We learned a lot of things:
- Much of the science of computation involves storing and retrieving data. We must learn and apply the best practices for arranging data for efficient retrieval and manipulation. We must learn about data structures.
- The buidling blocks of data structures are arrays, objects, and links.
- Java is an interesting language.
- While programming languages often have a rich set of data types including stacks, queues, and lists, learning how to implement these from scratch has an enormous number of benefits.
- For sequences such as stacks, queues, and lists, we can use array-based or linked-based implementations.
- Immutability is a wonderful thing.
- Mutable and immutable versions of a data type often have radically different interfaces (e.g., doubly-linked mutable lists vs. singly-linked immutable lists).

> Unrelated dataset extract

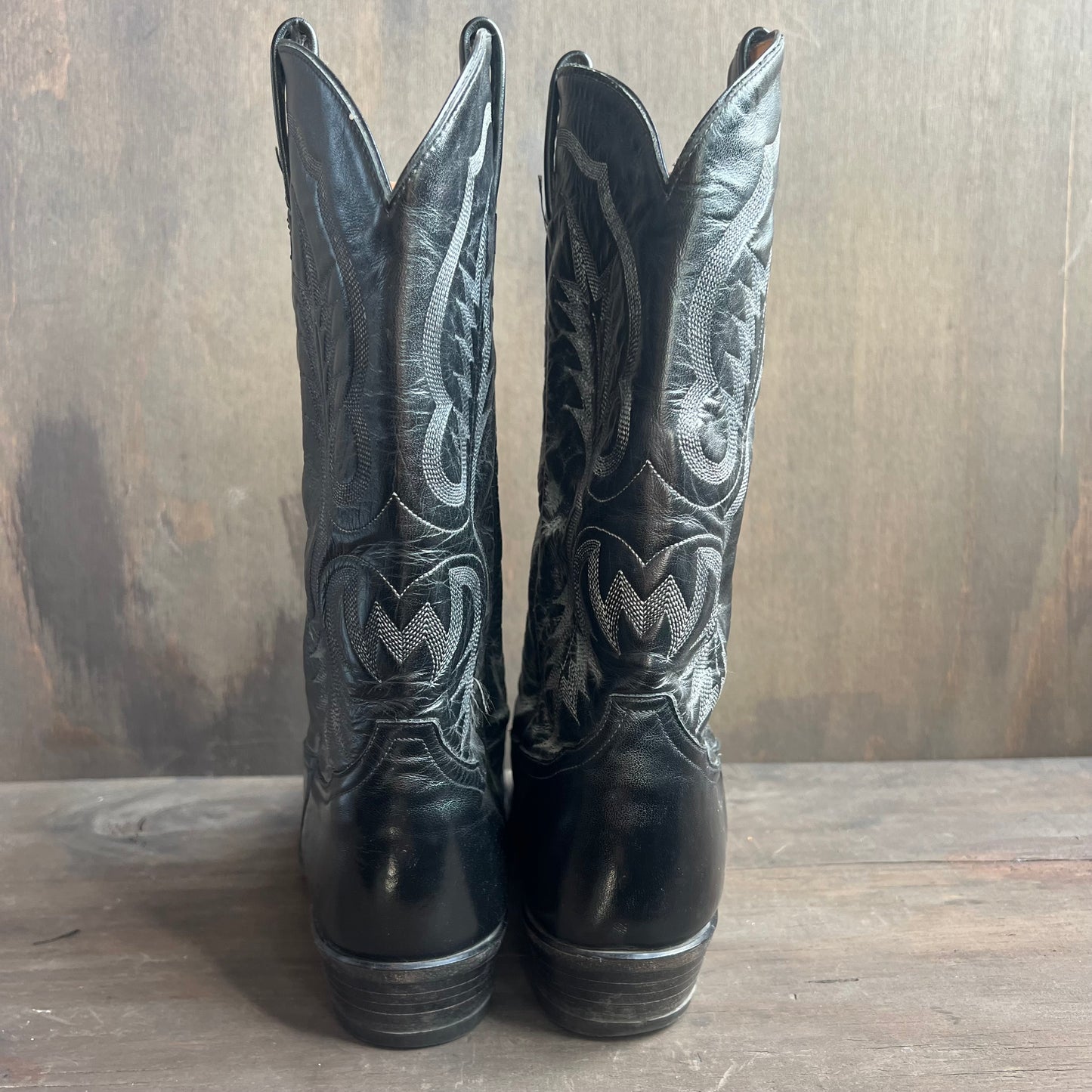 Tony Lama Black Leather Cowboy Boots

- When implementing a data type with a data structure, we want to expose only the methods and make sure the underlying representation and implementation is completely unknowable and untouchable by any code outside the type. This is not only crucial for security but also gives us flexibility to change our representation or implementation without breaking the code that uses our type.
- There is an amazing and powerful knowledge area called Algorithm Analysis which lets us quantify time and space complexities. The Big-Θ, Big-O, and Big-Ω meanings and notations are absolutely essential for computer scientists.
- Constant time and linear time are great. Linear and Linearithmic (n log n) are good only on small data sets. Beyond that you need to be really careful—your data set needs to be extremely small.
- The philosophical chasm between the polynomial and the exponential is quite something to behold.
- Recursion has a basis in nature, and when programming can help us be extremely expressive and sometimes it’s the only natural way to do something. Just be careful not to be wasteful: if a loop is better, use a loop; if the recursion repeats sub-computations, memoize it!
- There are a gazillion ways to sort, and we should know lots of representative approaches, as this gives us a sense of how different algorithms and structures are applicable in different situations.
- Search is a massive topic. As programmers we tend to use sets and dictionaries for our searching needs; for searching data outside a program (like in files or to search the entire WWW), different techniques are needed that are outside the scope of this course (though many ideas you learn here will still be useful).
- We primarily search with trees (regular or prefix) or hash tables. Other mechanisms do exist but are rarer.
- Search trees can in general have an unbounded number of children, but the binary search tree might be the most common due to its simplicity. BSTs should be balanced or otherwise support efficient operations, hence we learn about AVL, Red-Black, Splay, and Scapegoat trees. Non-binary search trees are often used in database indexing (outside the scope of this course).
- Ternary Search Trees are a super cool kind of trie and useful in spell checking and auto completion applications.
- Hashing is wild, and in some cases gives us “constant” time search. But there are tradeoffs.
- Heaps are freaking amazing and the implementation of priority queues using them is quite clever.
Suggested Practice Problems
Do the course practice problems that relate to the course material over the semester.
Also, test yourself on the problems from the earlier exams in the course. Copy out the problems but not the answers. The next day, test yourself on them. Practice spaced-repetition if possible.
What To Expect
There will be 20 multiple choice and multi-select problems.
The final will be “open” all week, from Monday, December 12, through Friday, December 17 You may take the exam in whatever 2 hour period in this window is convenient for you. You are bound to the LMU Honor Code.
The exam will be on BrightSpace and have multi-select and multiple-choice problems—the kinds you are used to from previous exams.
A list of the main areas of concern for each of the 25 problems will appear on Slack, so stand by for those!